Task to carry out: Could you restate word for word the lines running from the one with "Dino Szynka szwarcwaldzka Bell Polska oferta" to the end of the data, both ends included, but without pictures?
Segment Start: Data shown
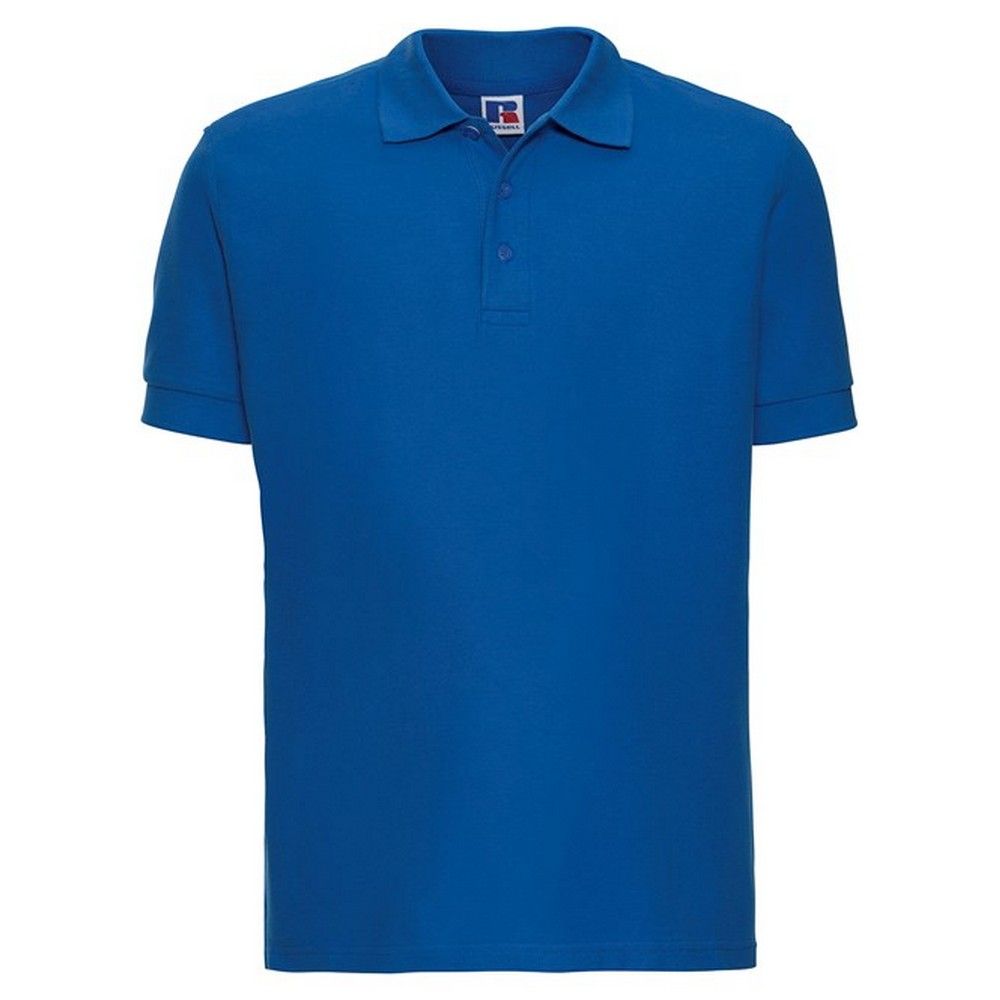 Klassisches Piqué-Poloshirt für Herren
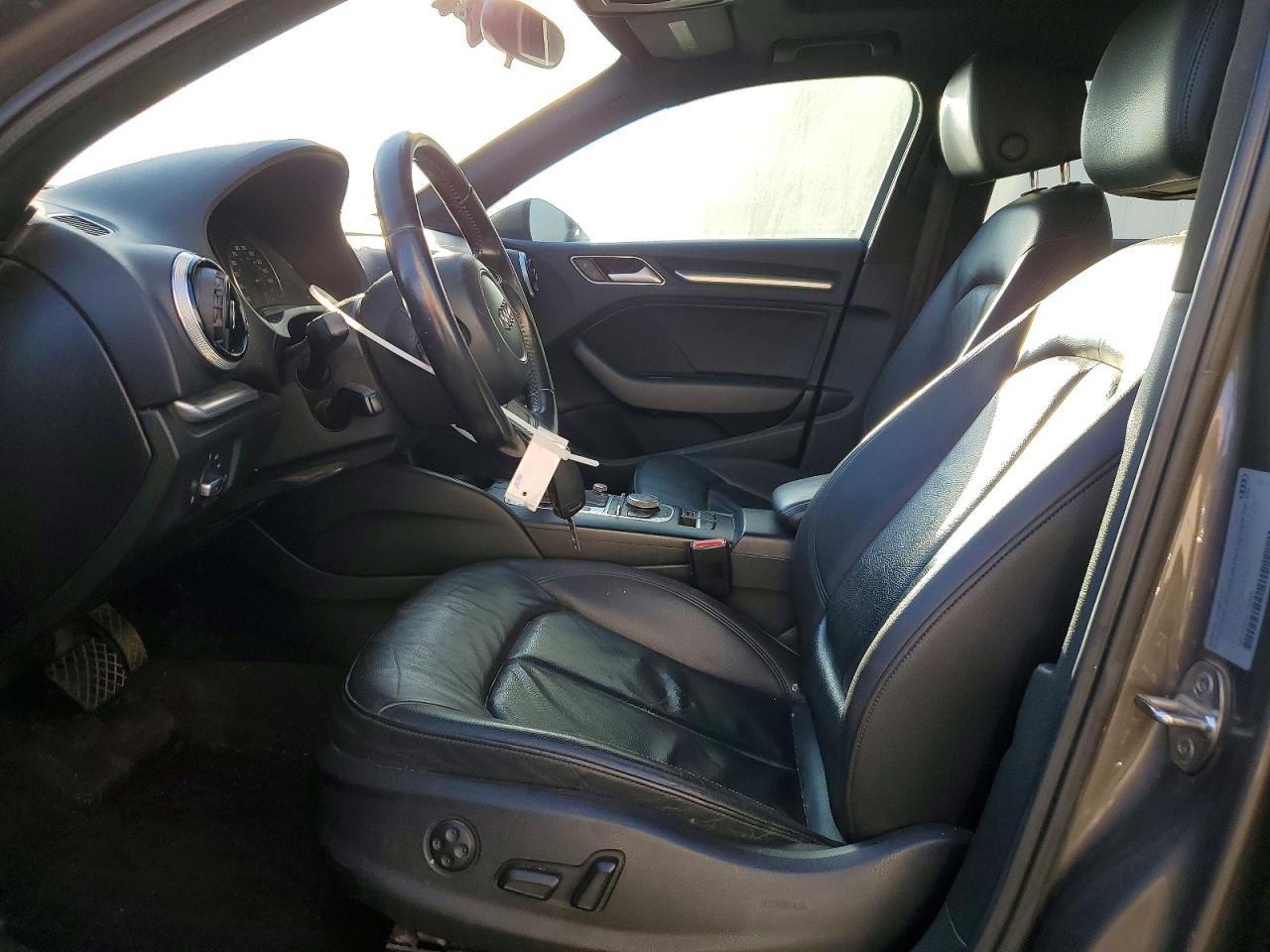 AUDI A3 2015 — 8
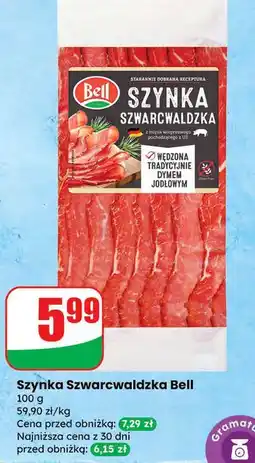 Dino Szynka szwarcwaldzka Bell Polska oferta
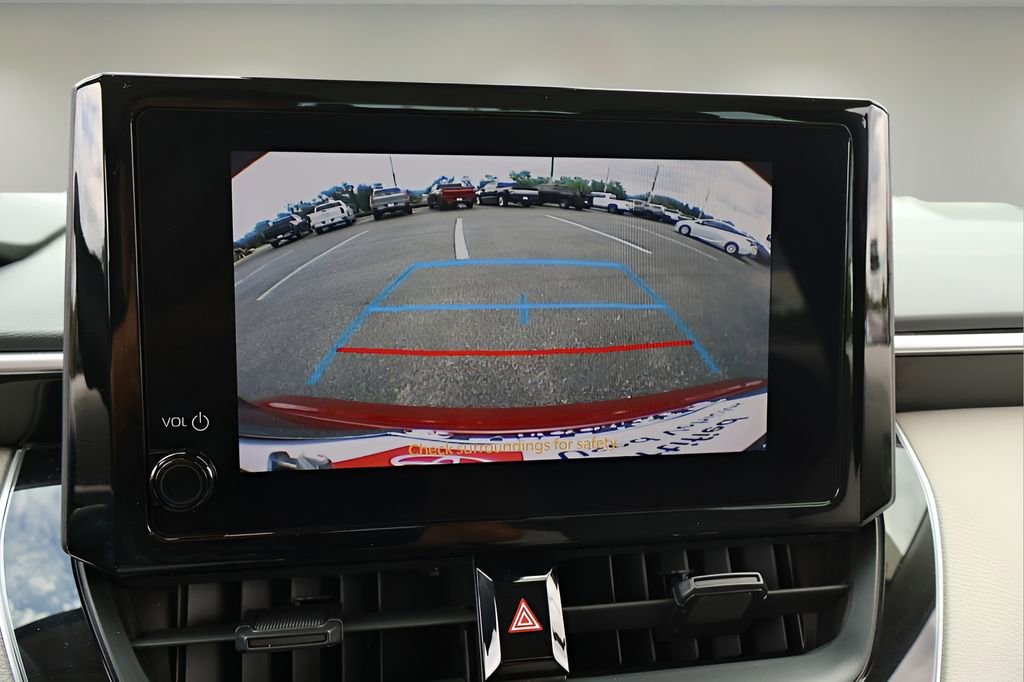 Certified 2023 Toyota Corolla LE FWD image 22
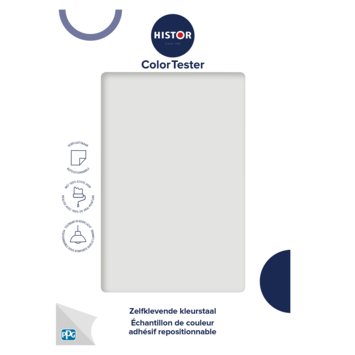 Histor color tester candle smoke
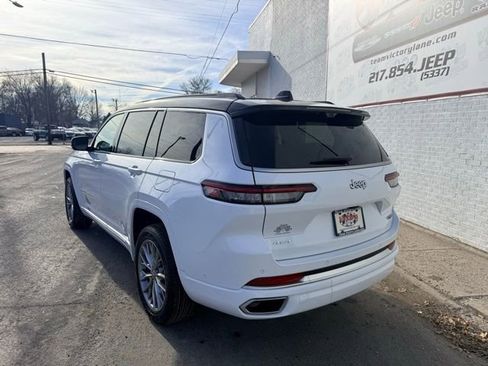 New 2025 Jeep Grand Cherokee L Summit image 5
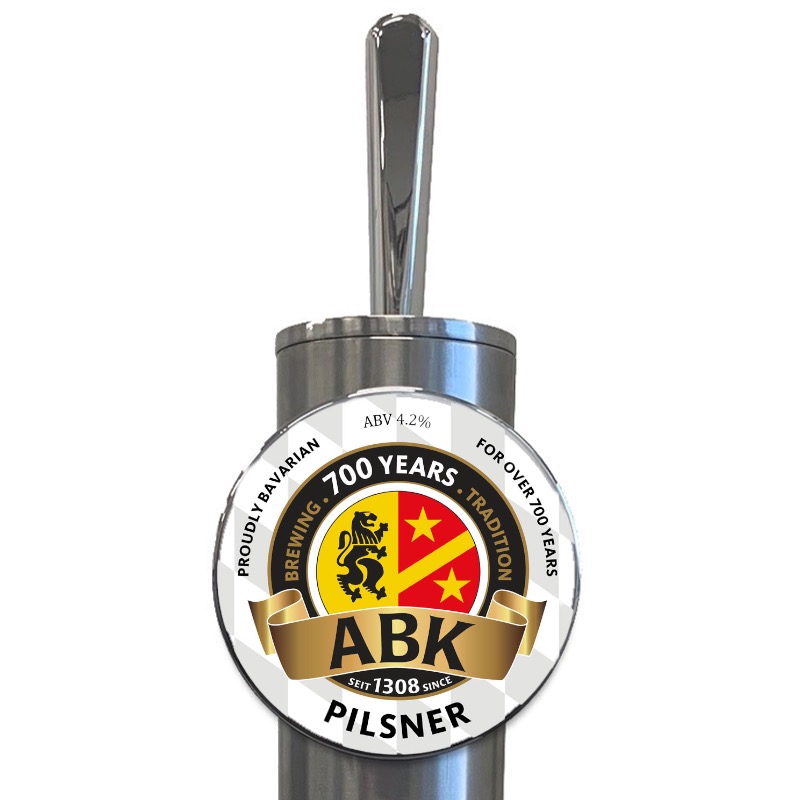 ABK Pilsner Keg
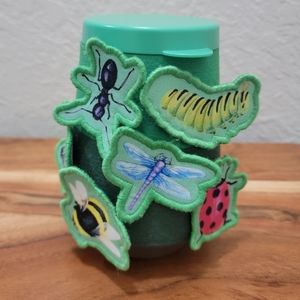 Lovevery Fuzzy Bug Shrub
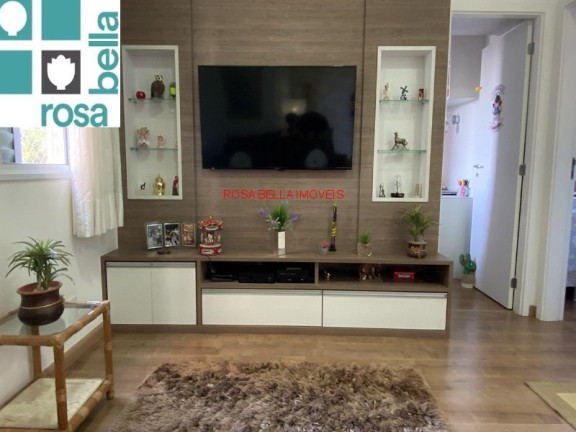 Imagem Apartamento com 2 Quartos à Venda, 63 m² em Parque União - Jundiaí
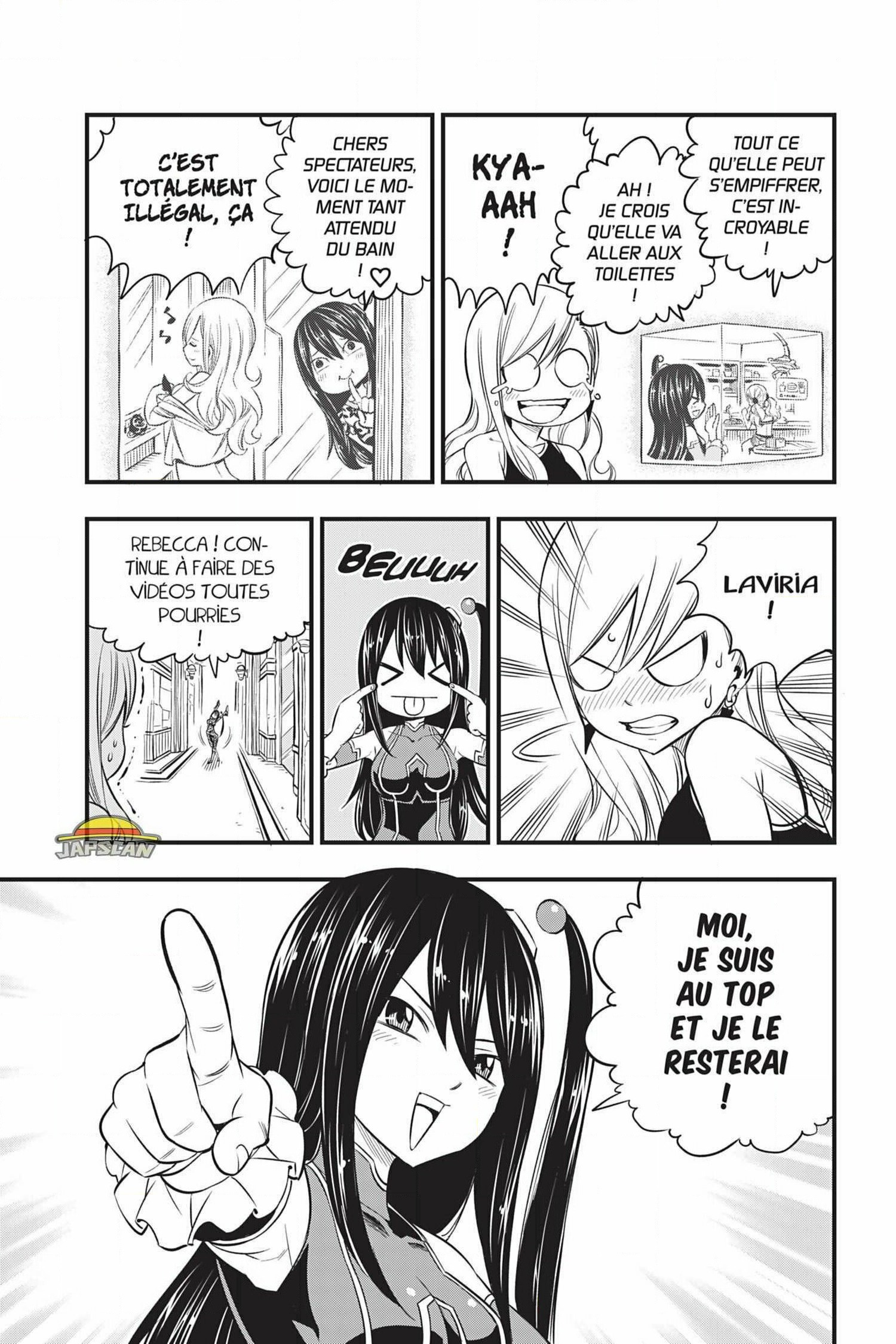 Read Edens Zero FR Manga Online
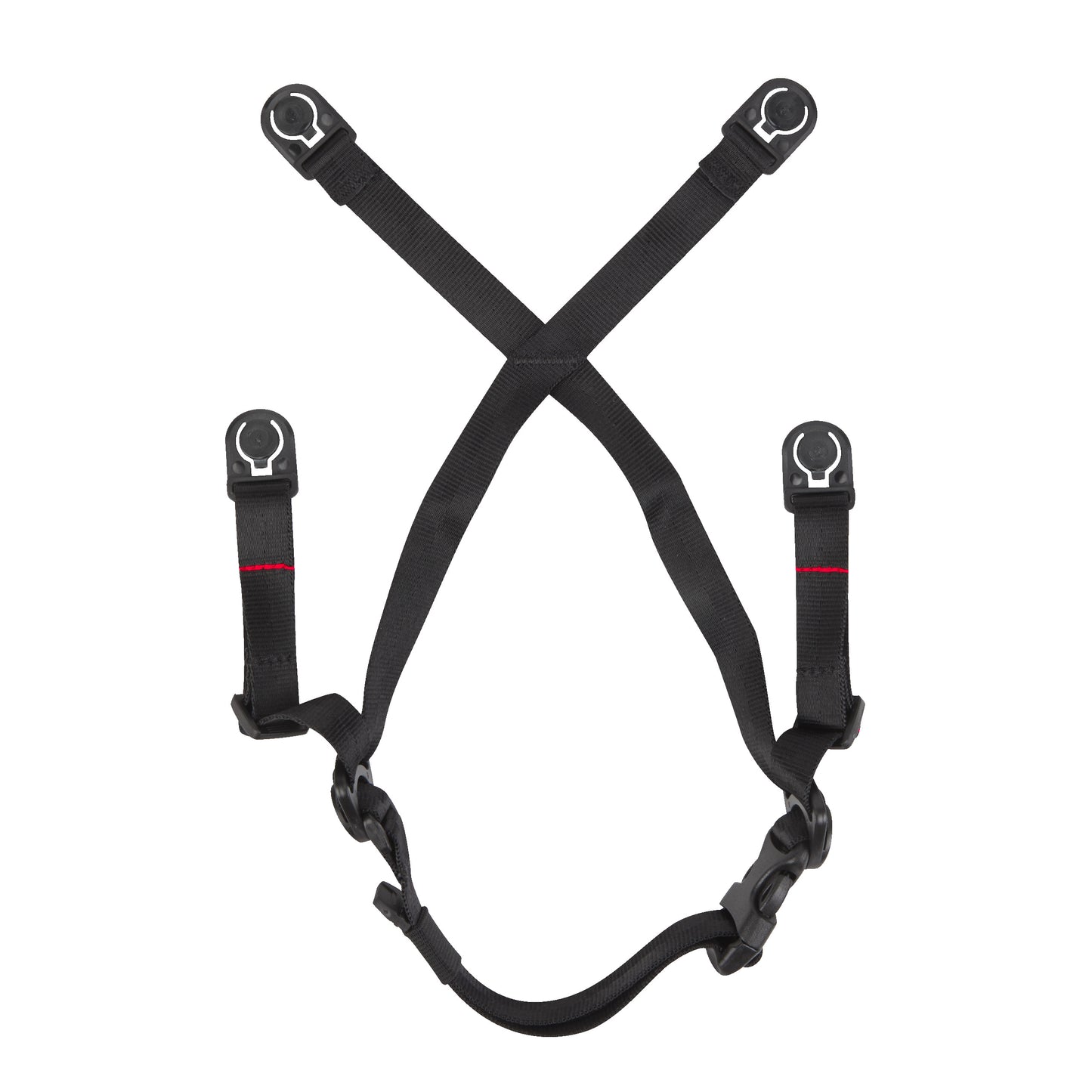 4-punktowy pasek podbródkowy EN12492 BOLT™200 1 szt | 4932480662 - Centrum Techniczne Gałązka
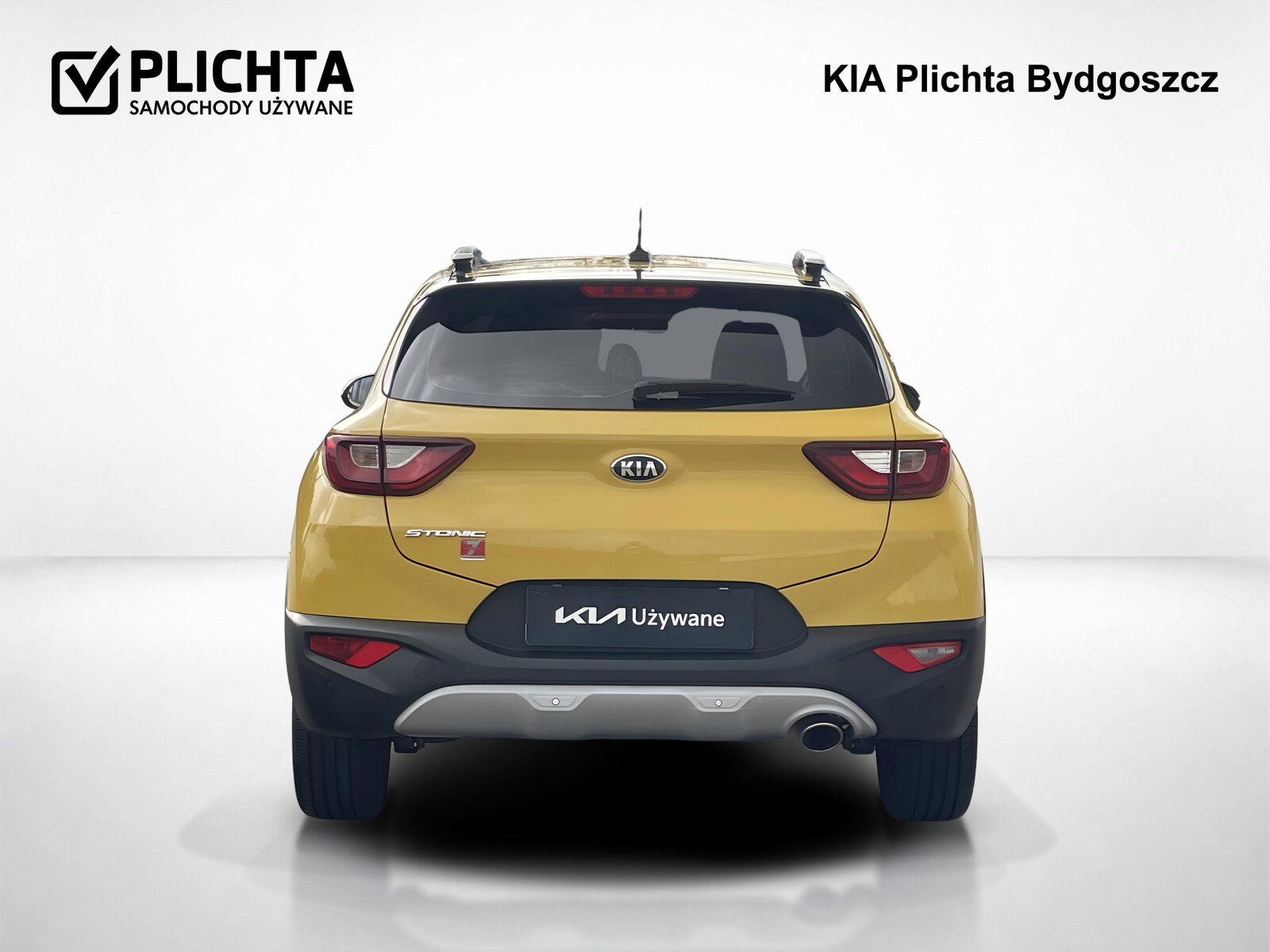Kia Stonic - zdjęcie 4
Segment End: Data shown
Answer to this exercise:
 Dino Szynka szwarcwaldzka Bell Polska oferta
 Certified 2023 Toyota Corolla LE FWD image 22
 Histor color tester candle smoke
 New 2025 Jeep Grand Cherokee L Summit image 5
 ABK Pilsner Keg
 Lovevery Fuzzy Bug Shrub
 Imagem Apartamento com 2 Quartos à Venda, 63 m² em Parque União - Jundiaí
 Read Edens Zero FR Manga Online
 4-punktowy pasek podbródkowy EN12492 BOLT™200 1 szt | 4932480662 - Centrum Techniczne Gałązka
Kia Stonic - zdjęcie 4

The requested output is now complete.